Wideband FFT¶
Purpose¶
This FFT was originally sourced from ASTRON via OpenCores. It performs an N-Point Wideband FFT on data that is partly applied in serial and partly applied in parallel. This FFT specifically suits applications where the sample clock is higher than the DSP processing clock. For each output stream a subband statistic unit is included which can be read via the memory mapped interface.
This unit connects an incoming array of streaming interfaces to the wideband fft. The output of the wideband fft is connected to a set of subband statistics units. The statistics can be read via the memory mapped interface (TODO). A control unit takes care of the correct composition of the output streams(sop,eop,sync,bsn,err). These signals are optional and can be removed to only use the sync signal.
This unit only handles one sync at a time.

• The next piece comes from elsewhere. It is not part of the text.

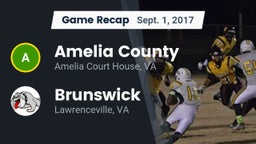 Recap: Amelia County  vs. Brunswick  2017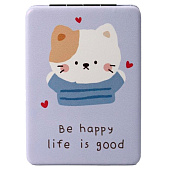  Зеркало "Be happy life is good", purple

Therefore the sync interval should be larger than the total pipeline stages of the wideband FFT.
Module Overview¶
An overview of the fft_wide unit is shown in Figure 1. The fft_wide unit calculates a N-point FFT and has P number of input streams. Data of each input is offered to a M-point pipelined FFT, where M=N/P. The output of all pipelined FFTs is then connected to a P-point parallel FFT that performs the final stage of the wideband FFT. Each output of the parallel FFT is connected to a subband statistics unit that calculates the power in each subband. The MM interface is used to read out the subband statistics. The rTwoSDF pipelined FFT (see R2SDF FFT) design is used as building block for the development of the wideband extension.
Firmware Interface¶
Clock Domains¶
There are two clock domains used in the fft_wide unit: the mm_clk and the dp_clk domain. Figure 2 shows an overview of the clock domains in the fft_wide unit. The only unit that is connected to both clock domains is the memory of the subband statistics module. This memory is a dual ported ram that holds the results of the subband statistics. Table 1 lists both clocks and their characteristics.
Name |
Frequency (MHz) |
Description |
|---|---|---|
DP_CLK |
200 MHz |
Clock for datapath |
MM_CLK |
125 MHz |
Clock for mm interface |
Interface signals¶
Figure 2 shows the Simulink Wideband FFT block in its base configuration. In this form, it offers a minimal set of input/output ports that are comparable with what the CASPER FFT offers.
Figure 3 shows the Simulink Wideband FFT block in its expanded configuration which offers the bsn, sop, eop, error, empty and channel control signals. Their function is explained by the graph below.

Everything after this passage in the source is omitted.